*** Information

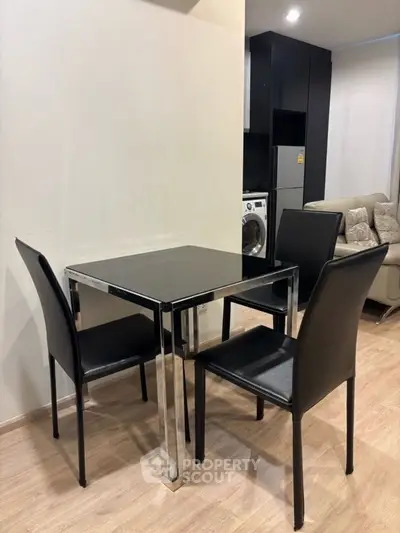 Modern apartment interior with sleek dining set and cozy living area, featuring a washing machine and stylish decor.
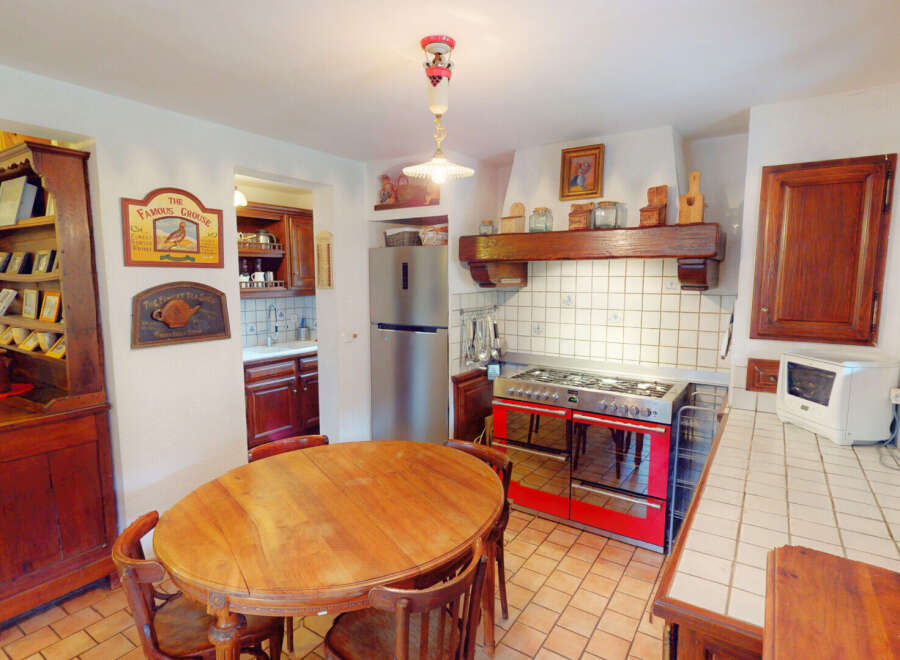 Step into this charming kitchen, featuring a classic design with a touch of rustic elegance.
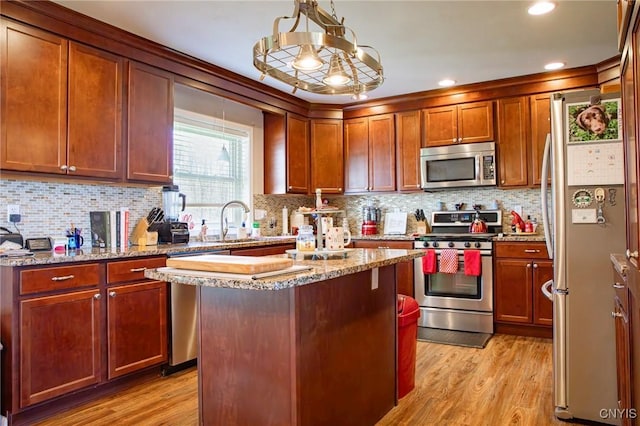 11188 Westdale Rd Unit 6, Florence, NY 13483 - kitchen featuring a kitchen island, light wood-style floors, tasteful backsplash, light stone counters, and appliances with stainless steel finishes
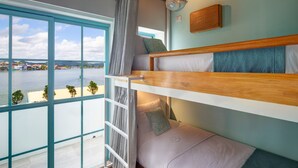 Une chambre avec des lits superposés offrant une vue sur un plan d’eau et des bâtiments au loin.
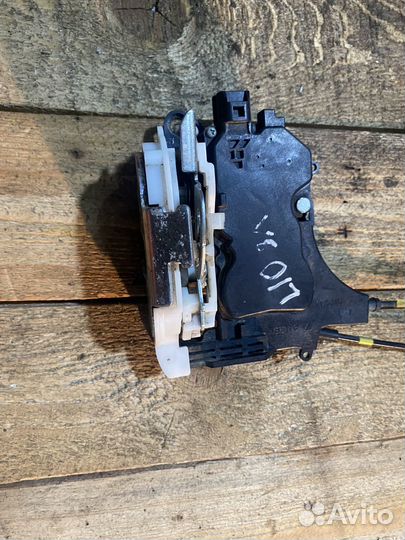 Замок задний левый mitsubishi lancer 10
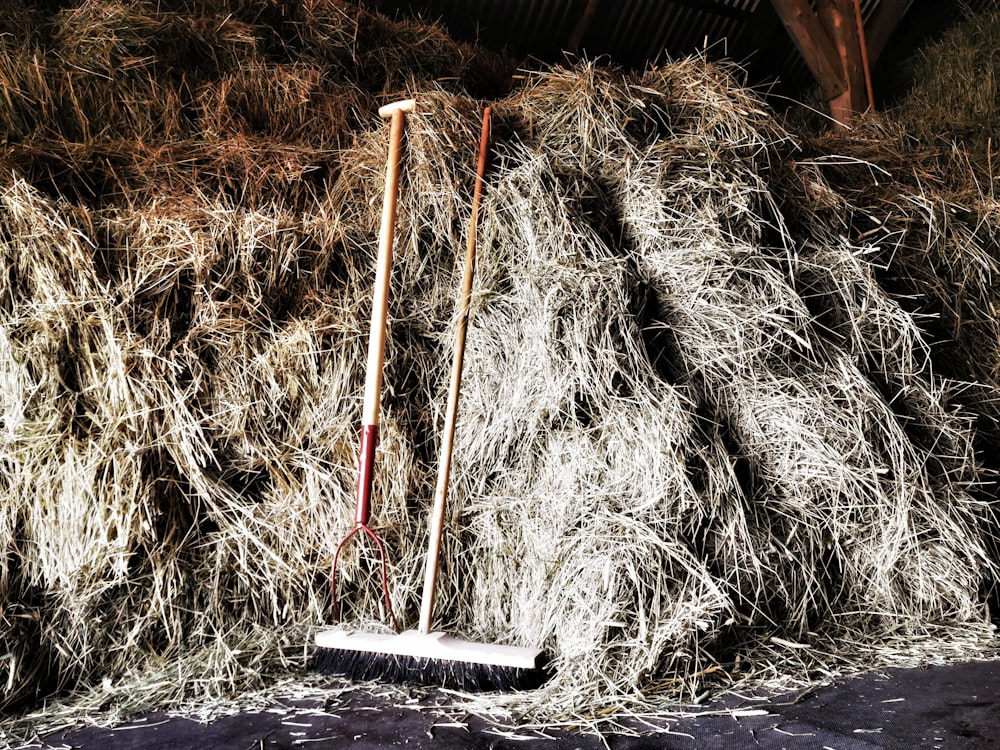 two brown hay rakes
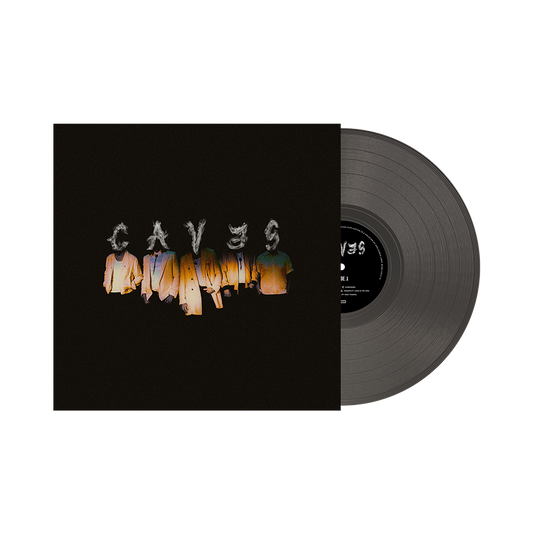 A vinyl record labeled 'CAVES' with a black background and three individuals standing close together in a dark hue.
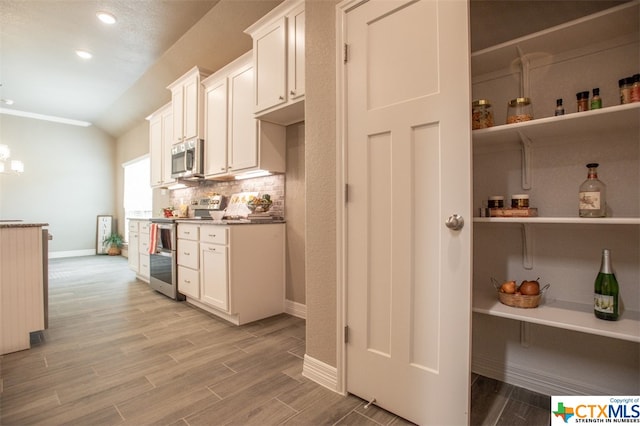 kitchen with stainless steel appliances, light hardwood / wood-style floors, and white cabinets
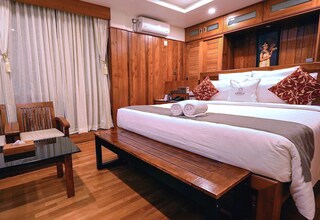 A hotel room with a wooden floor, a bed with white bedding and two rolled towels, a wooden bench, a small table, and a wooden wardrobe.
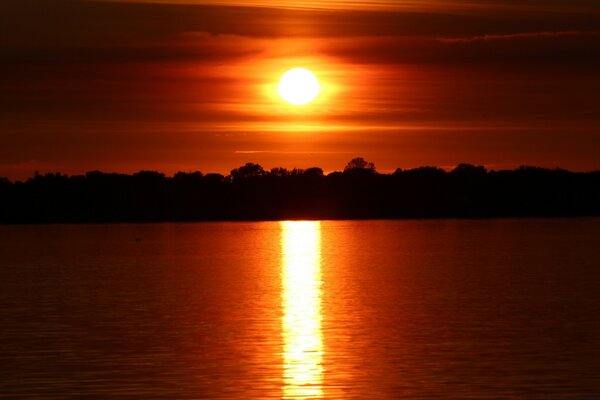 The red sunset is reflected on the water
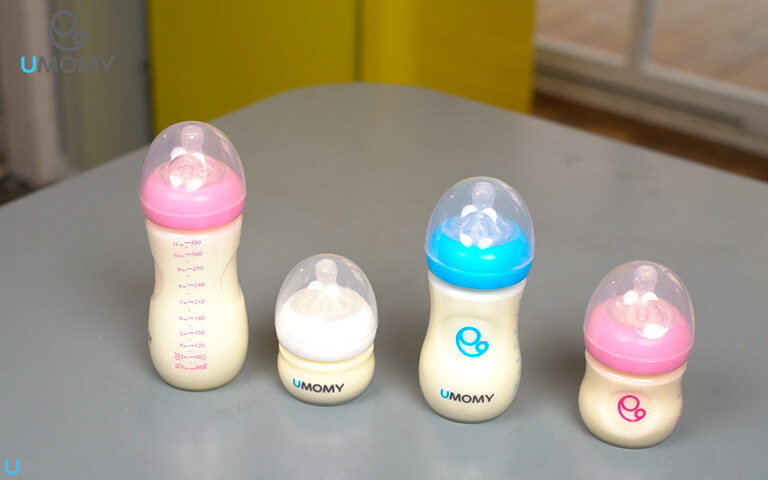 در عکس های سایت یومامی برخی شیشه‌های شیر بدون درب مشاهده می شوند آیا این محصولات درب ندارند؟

******
*** Information

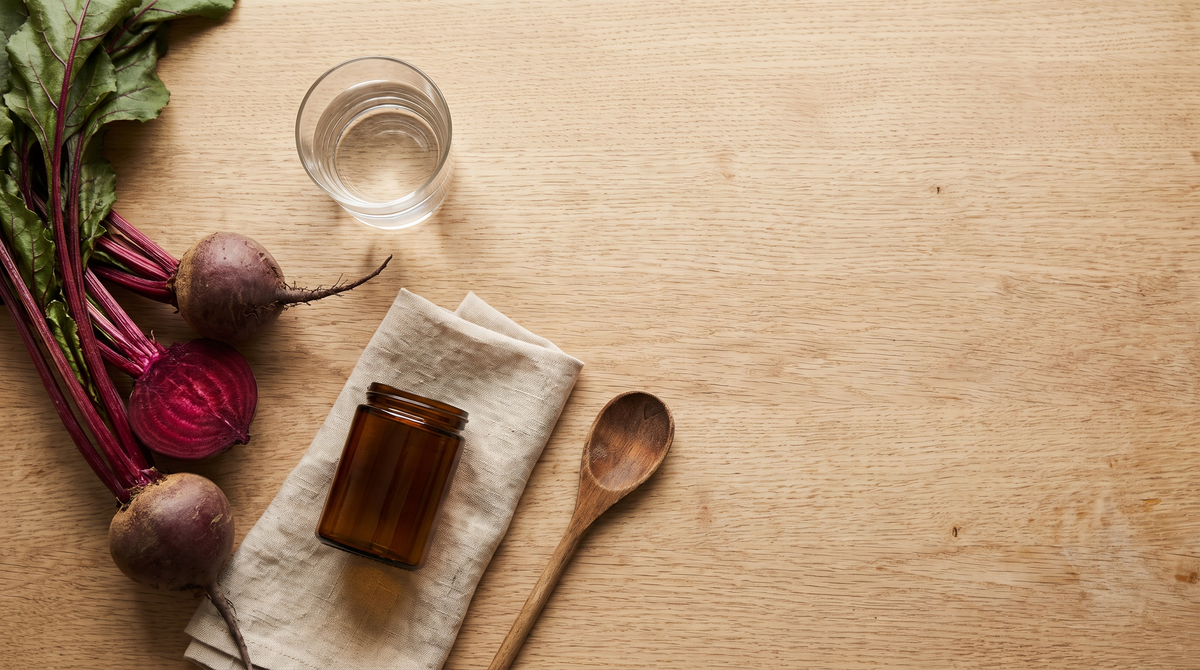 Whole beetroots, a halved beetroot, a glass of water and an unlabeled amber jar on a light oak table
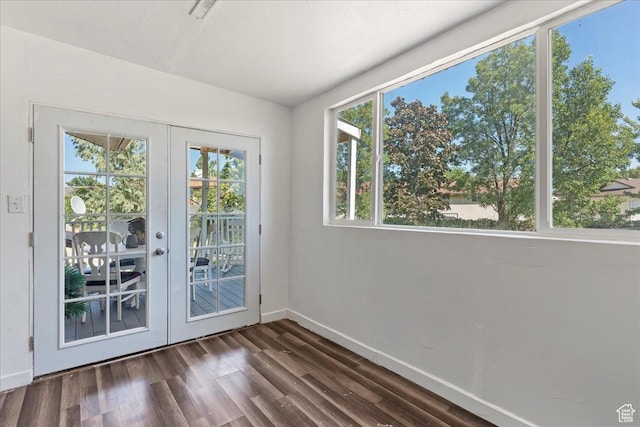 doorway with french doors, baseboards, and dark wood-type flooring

******
*** Information

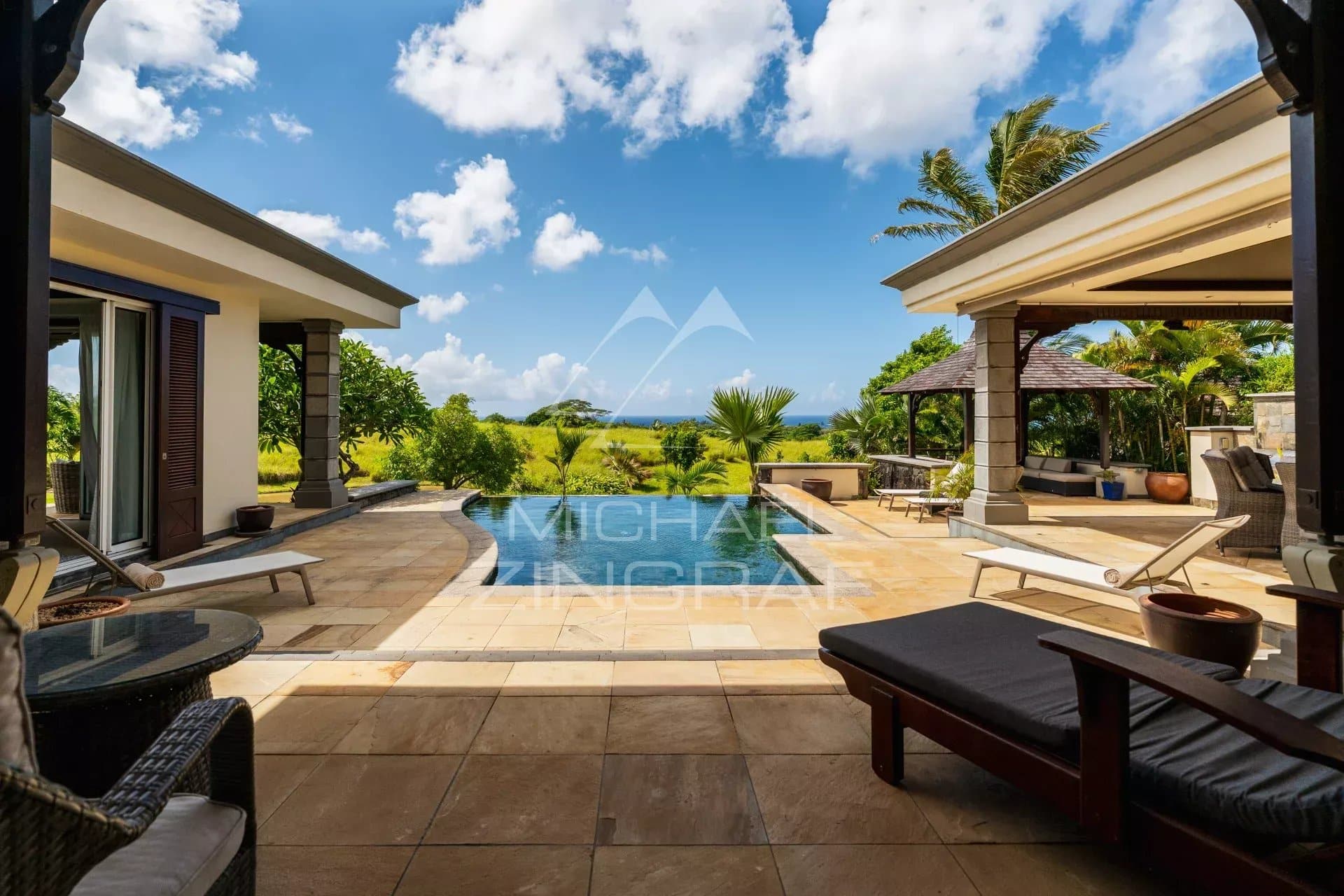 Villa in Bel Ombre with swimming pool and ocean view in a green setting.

******

**Task goal**
When you reach the line with "Modern apartment interior" in the records above, start writing out each line exactly, and stop after the line with "11188 Westdale Rd". Pictures stay out.

**Answer for this exercise**
 Modern apartment interior with sleek dining set and cozy living area, featuring a washing machine and stylish decor.
 Step into this charming kitchen, featuring a classic design with a touch of rustic elegance.
 11188 Westdale Rd Unit 6, Florence, NY 13483 - kitchen featuring a kitchen island, light wood-style floors, tasteful backsplash, light stone counters, and appliances with stainless steel finishes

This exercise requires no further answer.